Russian Ruble Rose in Spite of Challenges

It was a positive day for the Russian ruble. The Russian currency rose against the U.S. currency in Moscow and offshore trading on Wednesday, even though volumes remained thin and other Russian assets continued to be un-tradable. 

Unfortunately, Russian forces continued to bomb Ukrainian cities despite talk of compromise from both Russia and Ukraine in peace negotiations, three weeks after the start of the Russian invasion.

Market participants, meantime, focused on whether Russia would pay coupons on sovereign debt due Wednesday, or start the clock on a 30-day grace period, after which Russia could default on its foreign sovereign debt for the first time in a very long time.

Ruble and sanctions

On Wednesday,  the ruble added 1.9% on the day to close at 108 per dollar. The Russian currency gained 0.7% versus the euro to close just below 117.7.

When it came to foreign exchanges, it was bid recently at 91 per dollar and traded at 97, up more than 13% on the day. 

 Events in Ukraine and sanctions against Russia that followed triggered the worst economic crisis in Russia. It has to deal with the worst crisis since the fall of the Soviet Union in 1991. 

The Moscow stock market stayed largely closed by the order of the country’s central bank. 

Two days ago, the European Union launched a new barrage of sanctions.

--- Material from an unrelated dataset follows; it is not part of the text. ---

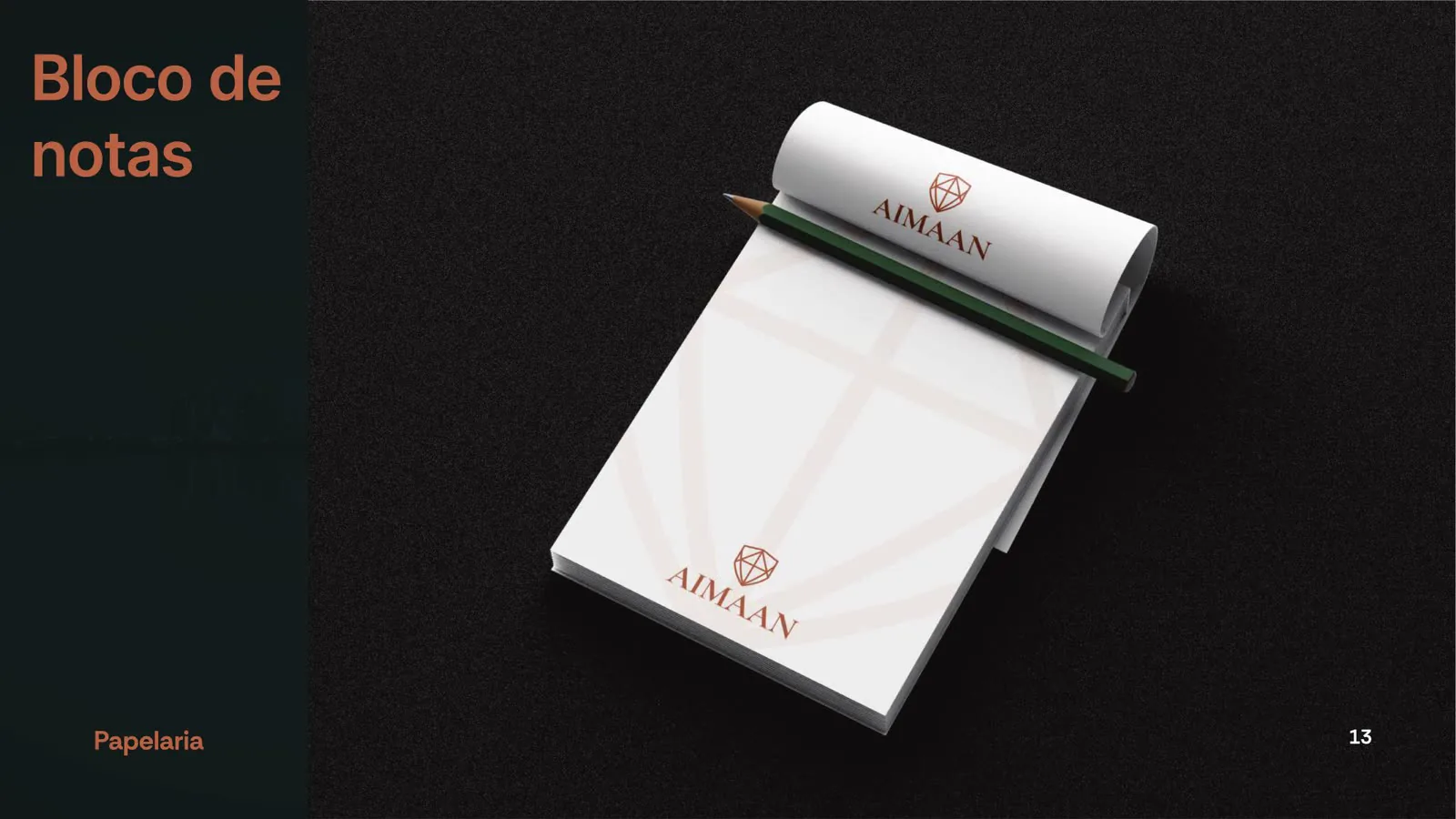 Bloco de notas branco com o logotipo impresso, visto em perspectiva.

New sanctions include bans of investment in the Russian energy sector, luxury goods exports. The bloc also banned imports of steel products from Russia. 

The European Union also decided to freeze the assets of more business leaders who support the Russian state. Sanctions imposed by the bloc will hit on Russian oil companies Rosneft, Transneft, and Gazprom Neft. However, members of the bloc will be still able to buy oil and gas from Russian companies. 

Also, the ban on Russian steel imports is estimated to affect 3.3 billion euros worth of products.